John Edwards is back, talking with the Clinton and the Obama campaigns, presumably about potential terms of an endorsement. Given his slashing attacks on Senator Clinton, One would expect him to endorse Obama or no one. Politics being what it is, one would be foolish to predict.
I was never much of a John Edwards fan. Yet one has to have a heart of stone not to be moved by his tale of the two Americas. His concerns about inequality obviously run deep. No one should doubt that we really do live in two Americas: one filled with opportunity, security, and hope, and another which conspicuously lacks each of these things. Millions of people live in each America. Less noticed is the reality that many people straddle both, at different times of our lives or in facing different concerns.
Edwards provided a necessary corrective to our national complacency, but his angry populist stance was sometimes dangerous and, ultimately, self-limiting in a country dominated by middle-class concerns. The truth is: we all have a stake in this issue. Each of us, not only poor people, is harmed by widening inequality. Each of us is also harmed by the impoverished public sphere that has accompanied this trend. A society blessed with beautiful iPhones and art museums alongside poor public services, too few food inspectors, and crumbling schools is not healthy or stable. It is not even, over the long-run, likely to remain prosperous. This is an old issue, going back at least to Galbraith’s Affluent Society. It remains pressing.
Consider one example of how a narrow vision of government hurts us all. Not long ago, HHS Secretary Michael Leavitt weighed into the long-term care debate by pronouncing that “Medicaid must not become an inheritance protection plan.” With surgical precision, Leavitt illustrated how Republicans are so wrong-headed in their approach to social problems. A party aghast about the “death tax” remains oddly sanguine about the prospect that millions of people lose their life savings because of prolonged illness requiring costly care.

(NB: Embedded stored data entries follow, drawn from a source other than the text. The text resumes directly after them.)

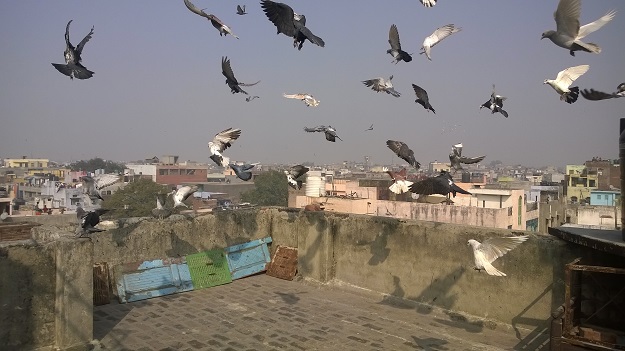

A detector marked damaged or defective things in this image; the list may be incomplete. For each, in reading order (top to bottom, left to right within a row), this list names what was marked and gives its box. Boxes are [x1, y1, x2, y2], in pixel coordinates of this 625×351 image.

rusty metal grille [266, 246, 298, 282]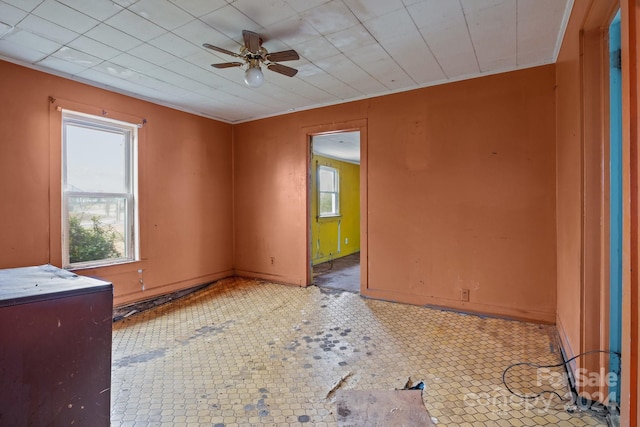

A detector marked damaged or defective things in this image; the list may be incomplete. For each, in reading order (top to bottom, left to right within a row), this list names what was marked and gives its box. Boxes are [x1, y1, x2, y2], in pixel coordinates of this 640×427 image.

damaged vinyl floor tile [112, 280, 608, 426]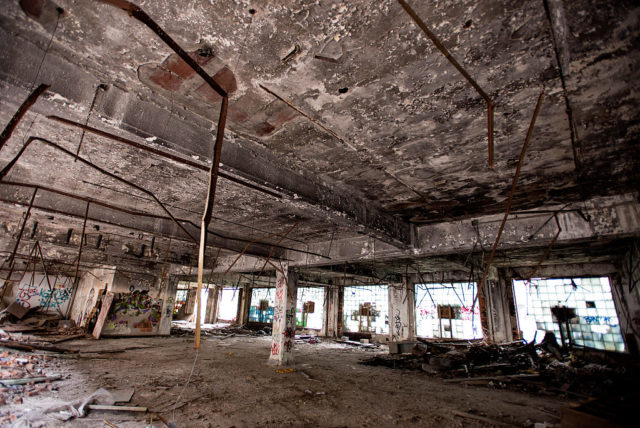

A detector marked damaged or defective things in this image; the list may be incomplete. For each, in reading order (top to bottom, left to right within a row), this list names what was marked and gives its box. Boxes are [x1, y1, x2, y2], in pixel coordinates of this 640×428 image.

rusty support column [0, 83, 48, 150]
rusted metal beam [0, 84, 48, 150]
rusted metal beam [0, 137, 198, 244]
rusted metal beam [95, 0, 225, 97]
rusted metal beam [48, 115, 282, 199]
rusted metal beam [396, 0, 496, 167]
rusty support column [400, 0, 496, 167]
rusted metal beam [476, 92, 544, 310]
rusty support column [476, 92, 544, 310]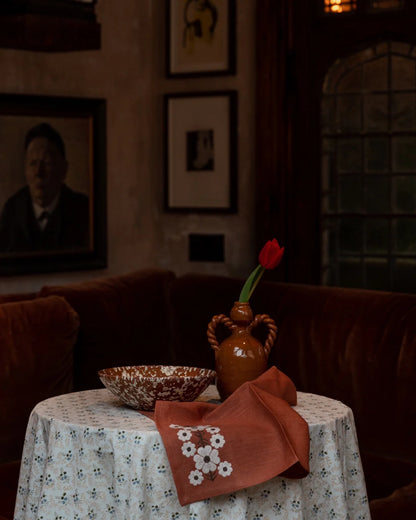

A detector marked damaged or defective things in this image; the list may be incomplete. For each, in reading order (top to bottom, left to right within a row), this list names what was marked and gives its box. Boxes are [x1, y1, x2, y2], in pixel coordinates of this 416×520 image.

rust linen napkin [153, 366, 308, 504]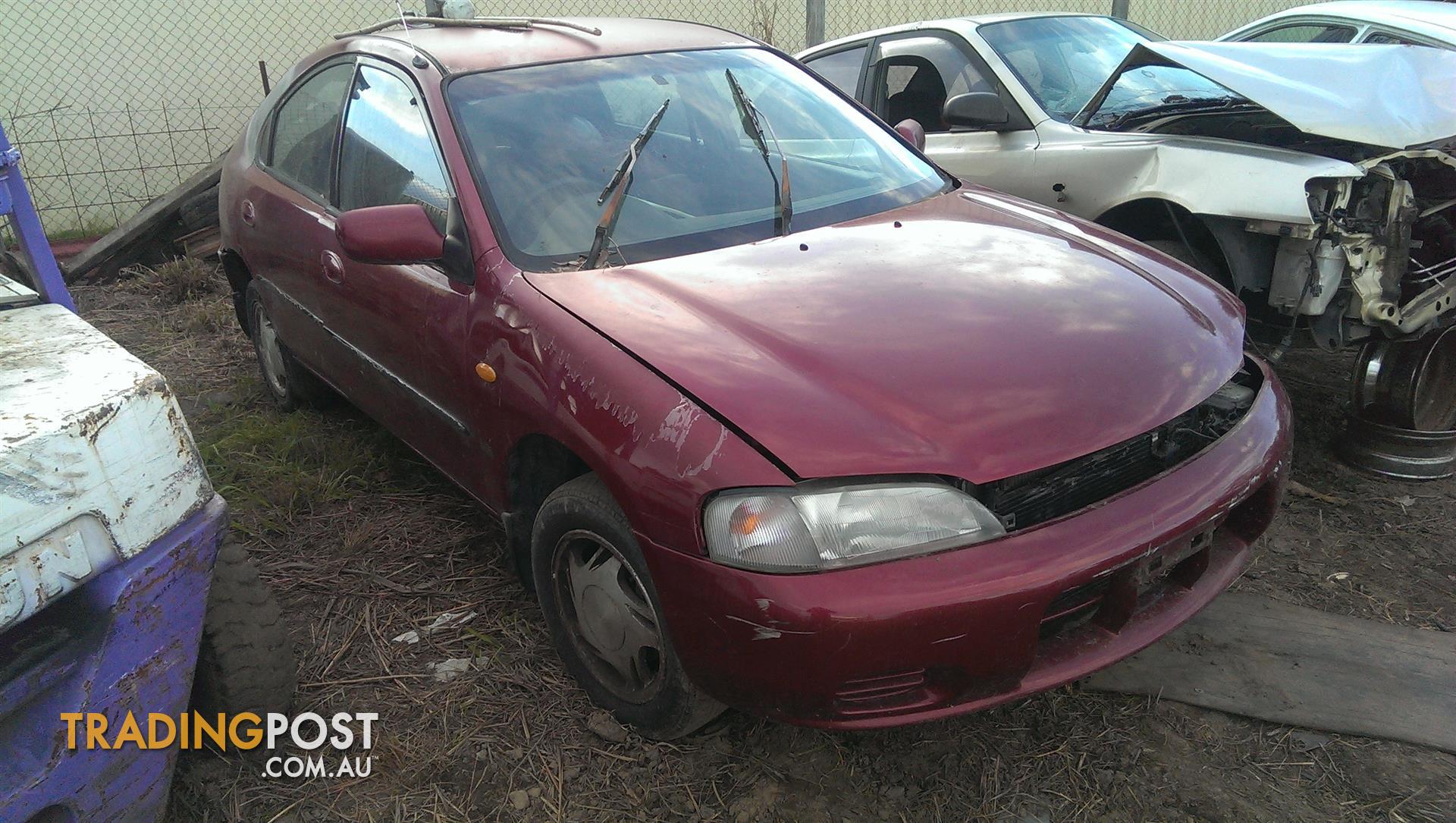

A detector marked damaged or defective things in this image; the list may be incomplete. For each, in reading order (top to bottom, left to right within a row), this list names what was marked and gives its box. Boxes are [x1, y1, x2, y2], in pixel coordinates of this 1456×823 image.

white damaged car [798, 14, 1456, 357]
damaged front end [1281, 149, 1456, 347]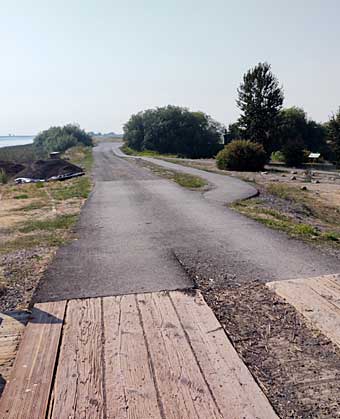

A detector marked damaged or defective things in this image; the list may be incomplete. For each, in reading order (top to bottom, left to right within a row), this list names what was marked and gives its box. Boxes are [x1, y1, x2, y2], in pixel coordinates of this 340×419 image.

cracked asphalt [33, 143, 340, 304]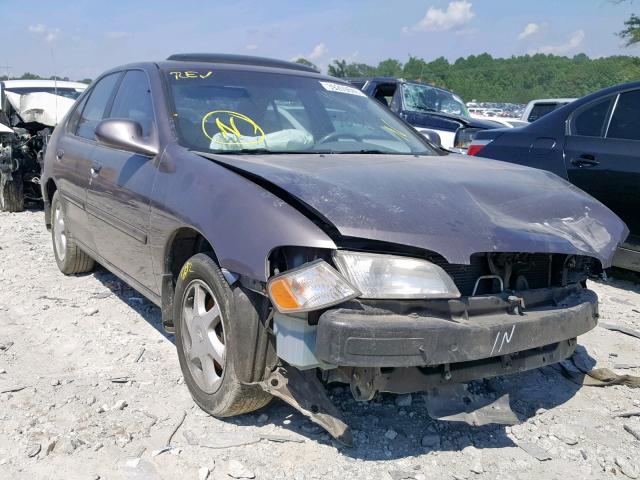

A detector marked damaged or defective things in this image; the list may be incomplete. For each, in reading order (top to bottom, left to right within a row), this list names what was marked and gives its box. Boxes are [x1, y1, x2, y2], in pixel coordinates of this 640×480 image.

damaged white vehicle [0, 79, 86, 211]
broken headlight [268, 260, 362, 314]
damaged brown sedan [41, 54, 632, 444]
broken headlight [336, 249, 460, 298]
crumpled hood [201, 153, 632, 268]
damaged front bumper [318, 284, 596, 370]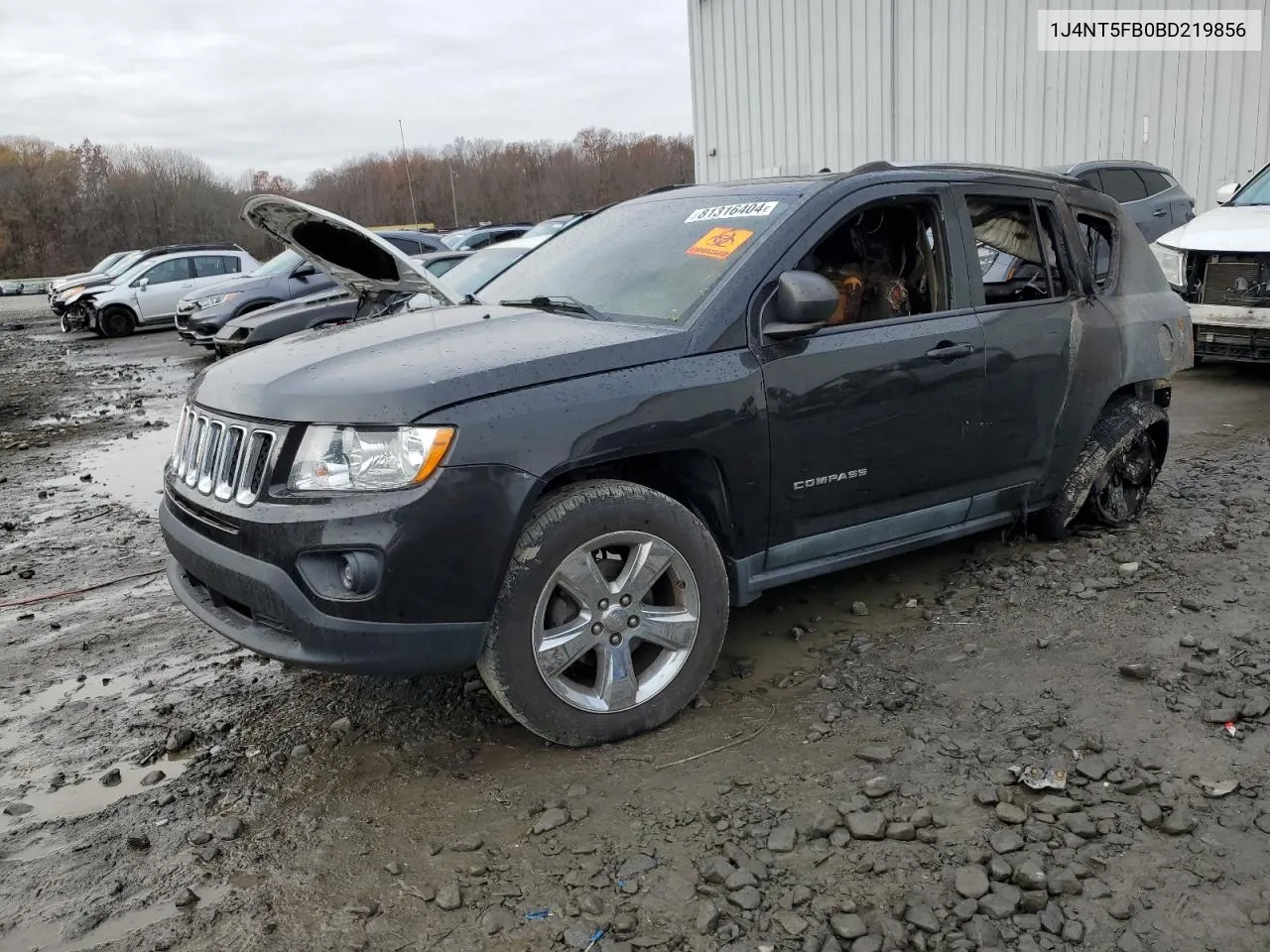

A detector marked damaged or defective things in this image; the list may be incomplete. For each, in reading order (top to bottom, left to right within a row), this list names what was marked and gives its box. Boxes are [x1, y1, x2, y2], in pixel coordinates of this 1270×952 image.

broken window [798, 198, 949, 327]
broken window [972, 197, 1072, 305]
broken window [1080, 213, 1119, 290]
damaged rear wheel [1040, 397, 1167, 543]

I don’t know about you, but I’m not thrilled about the possibility that I might contract Alzheimer’s. Every year, tens of thousands of people walk into that final fog terrified that everything they hoped to leave their children will instead be spent checking their bedsores and changing their diapers.
The idea that we can protect each other from such terrors is the essence of social insurance. Although the private sector can help, we can’t do this without activist government. Americans understand this point. This is why many state legislatures create or tolerate loopholes in Medicaid estate planning. This is why Americans emphatically rejected efforts to privatize Social Security, even before the Bush presidency headed south.
Social security, in this generic sense, also provides the precondition for a modern economy. Without some sense of security, protection, and yes some progressive redistribution of the resulting gains, ordinary people have little reason to support market policies such as free trade that promote efficiency and global economic growth, but that also bring uncertainties and risk. All of these issues touch each of us, sometimes quite personally.
For much of my life, I saw myself as the classic yuppie who votes Democrat because this is the right thing to do, but who personally benefits from Republican tax cuts. Now, through accident of family circumstance, I find myself the co-guardian of an intellectually disabled man with medical problems. I thank my lucky stars for Social Security, Medicare, Medicaid, and lesser-known programs. I only wish these programs were more generous and more effectively administered.
Our family is not getting a free lunch—anyone who thinks so is welcome to come on over and try it. But we need, and I believe we deserve, this help. So do millions of other families caring for a disabled child, enduring chronic unemployment, or facing other difficulties. The ethic of collective provision provides the real test of America’s family values. It also shapes our quality of life.
I recently moved from a state university to a new position in Chicago. Moving from a comically progressive university community to this rough town, I am struck by the extent that everybody’s life is diminished by Chicago’s gaping racial and economic inequalities. I don’t mean the obvious: huge bills for social services of every kind, fear of crime, abandoned housing projects that scar the landscape. This is all clear enough, but the damage also goes deeper. It ranges from our hollowed-out medical care sector, to bureaucratic public school systems that are deeply and pervasively mediocre outside a few exclusive communities. Mediocre schools produce an often-innumerate and unskilled workforce. Research indicates that six percent of Chicago’s African-American male high school students go on to become four-year college graduates. This is not acceptable.
There are other costs. Driving the Dan Ryan, one passes surprising numbers of gray or white Crown Victorias, unmarked but obvious security, corrections, and law enforcement vehicles. These are the least painful signs of the hundreds of millions of dollars we spend in Chicago to protect ourselves, from each other. Mayor Daley (the son) is basically good and decent. He has avoided the worst sins of his father. He has created beautiful parks and green space downtown. He’s trying to fix bad public schools and awful public housing. He’s got a big mountain to climb.
Some friends and colleagues escape by moving to the best suburbs, use private schools, or compete feverishly for slots in a handful of magnet schools. On other fronts, my university and others wisely spend millions on a large police force. Life being what it is, escape is sometimes unavailable. Even when escape is possible, the fear of falling, to use Barbara Ehrenreich’s diagnostic terminology, remains palpable.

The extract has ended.